Alistair Darling – recession far from over


The former Chancellor of the Exchequer made the prediction at the Wimbledon Bookfest.


By James Pozzi

Alistair Darling believes the recession is far from over and could actually worsen within the next year.

The former Chancellor of the Exchequer made the gloomy prediction in a discussion about his memoirs Back from the Brink with an audience at the Wimbledon Bookfest on Wednesday evening.

The book is an account of Mr Darling’s 1000 days as Chancellor, a post he vacated after the 2010 General Election.

Speaking with Channel Four’s Economics Editor Faisal Islam, who hosted the event, Mr Darling believes the crisis engulfing the euro zone will continue for some time.

“If you had asked me a year ago then I’d have said we would be coming out of it slowly.

“I just see a long period in front of us scraping along the bottom, so the story is most certainly not finished in regards to the crisis,” he said.

The forecast came on the eve of an announcement that seven leading UK-banks have had their debt rating lowered after doubts over Government support in any possible crisis.

The news is a fresh blow for the Government whose austerity measures aim to reduce the national debt and stabilise the economy.

Mr Darling dismissed coalition accusations that the former Labour Government created the current economic problems by overindulging in the fruits of the credit boom.

“Perhaps at times we were not tough enough and were not asking the questions we should have been,” he said.

“But if we are looking at the turn of events in the financial sectors, Britain by comparison has done better than some of our trading partners, who have ran into all kinds of problems,” he added.

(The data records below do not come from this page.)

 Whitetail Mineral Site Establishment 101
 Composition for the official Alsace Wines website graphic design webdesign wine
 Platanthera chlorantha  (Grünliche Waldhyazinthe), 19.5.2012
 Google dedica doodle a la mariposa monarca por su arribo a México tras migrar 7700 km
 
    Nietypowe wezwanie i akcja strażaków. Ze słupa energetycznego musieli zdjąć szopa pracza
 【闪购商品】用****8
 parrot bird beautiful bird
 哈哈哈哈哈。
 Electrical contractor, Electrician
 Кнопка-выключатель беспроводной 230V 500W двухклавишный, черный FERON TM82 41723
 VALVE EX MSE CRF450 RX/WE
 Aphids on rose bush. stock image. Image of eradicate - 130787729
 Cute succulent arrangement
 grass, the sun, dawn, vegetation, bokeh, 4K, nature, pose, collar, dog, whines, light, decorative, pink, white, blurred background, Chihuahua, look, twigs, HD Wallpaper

He cited the problems of Greece, Ireland and Portugal as examples of a global banking crisis that extends beyond the actions of individual governments.

Although the MP for Edinburgh South doesn’t believe Britain will be leaving the EU, he states changes are needed to avoid the possibility of following the worst affected countries.

“It’s not so much the structure, but more the individual judgements of regulators that need addressing,” he said.

Mr Darling also touched on his heavily publicised disagreements with former Prime Minister Gordon Brown, revealing that plans were made for him to leave the treasury in 2009, but he decided to stay until the election.

“I have a tremendous level of loyalty towards Gordon but even close friends can disagree intensely on certain issues,” said the 57-year-old, adding that he intends to remain a backbench MP for the foreseeable future.